Motivation

Simple OLS(ordinary least square regression) is susceptible to the outliers and it can be disastrous if data is contaminated with outliers. OLS can be only used if all the assumptions of data are valid; when some of the assumptions turn out to be invalid, it can perform poorly. Robust Regression provides an alternative to least square regression by lowering the restrictions on assumptions. Robust algorithms dampens the effect of outliers in order to fit majority of the data.

Outliers tend to pull regression fit too far in the direction recieving much more weight than they deserve in case of least squares. Robust regression down-weights the influence of outliers, which makes their residuals larger & easier to identify.

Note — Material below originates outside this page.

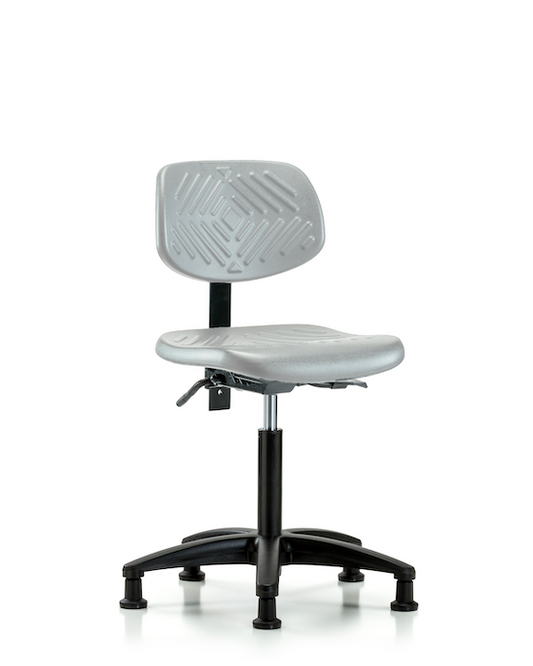 Blue Ridge Ergonomics PMBCH-RG-T0-A0-NF-RG-GRY Polyurethane Chair - Medium Bench Height with Stationary Glides in Gray Polyurethane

Overview of Robust regression models in scikit-learn:

There are several robust regression methods available. scikit-learn provides following methods out-of-the-box.

1. Hubber Regression

HuberRegressor model

Huber loss is a loss function used in robust regression that is less sensitive to outliers in data than the squared error loss. The Hubber Regressor provided by scikit-learn optimizes the squared loss and absolute loss for the samples based on epsilon, where epsilon is a parameter to control the number of samples which should be treated as outliers.

2.RANSAC Regression

RANSAC (RANdom SAmple Consensus) algorithm.

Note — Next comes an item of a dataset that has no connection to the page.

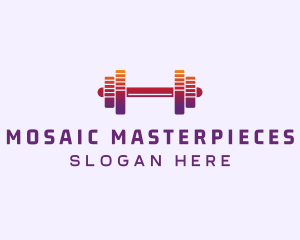 Dumbbell Fitness Gym Music logo design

RANSAC algorithm divides data in two subsets : outlier and inlier, then it uses inlier set to fit model. After fitting model to hypothetical inliers, it checks which elements in current set are consistent with original dataset with estimated parameters and if it is the case, it updates current subset. RANSAC algorithm continues iterating until inlier subset is large enough.

3. Theil-Sen Regression

Theil-Sen Estimator: robust multivariate regression model.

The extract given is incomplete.